John Koetsier: Can forests be banks? Welcome to TechFirst with John Koetsier.

A new venture capital group is buying forests and wetlands, but they’re not cutting down the trees; they’re not starting farms. In fact, they’re monetizing nature by selling carbon offsets. They’re tokenizing biodiversity in a blockchain-based natural capital marketplace, and letting people vote on which lands are the most important to save.

To get more details, we’re chatting with Merit Valdsalu, CEO, and Andrus Aaslaid, CTO of Single Earth — and I hope I didn’t butcher your names, guys. Welcome! 

Merit Valdsalu: Thank you. 

Andrus Aaslaid: Hello.

Merit Valdsalu: It’s very nice to be here. 

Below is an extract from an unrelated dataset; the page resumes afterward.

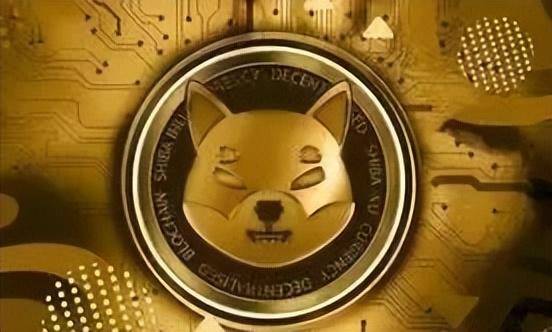 SHIB vs DOGE：8月决战，谁将加冕MemeCoin之王？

John Koetsier: Excellent. Super happy to have you. And you didn’t say that I butchered your names, but you didn’t say that I didn’t either, so I’m going to accept it as a win and move on. 

Merit Valdsalu: Yes.

John Koetsier: Let’s start right at the very beginning. What is Single Earth? What are you doing? 

Merit Valdsalu, CEO of Single Earth

Merit Valdsalu: So, Single Earth is an online platform that enables forests, wetlands, and other natural resources to generate profit without being sold as raw materials … but instead as carbon offset and biodiversity offset.

Because right now, the only way for a landowner to earn money from the forest or other lands is through intensive land use, like, you’re cutting a forest or digging up a wetland for peat extraction. But that completely destroys the natural ecosystem in these areas. So, we at Single Earth are actually doing the exact opposite. We reward landowners for not clearcutting their forests and not digging up their wetlands … but instead, for preserving the ecosystems that actually keep all of us alive. So— 

John Koetsier: Very, very interesting. So it’s carbon offsets and there’s more to it, of course. You’re putting it on the blockchain. You’re doing a few things with it that are pretty cool. How does that all work? 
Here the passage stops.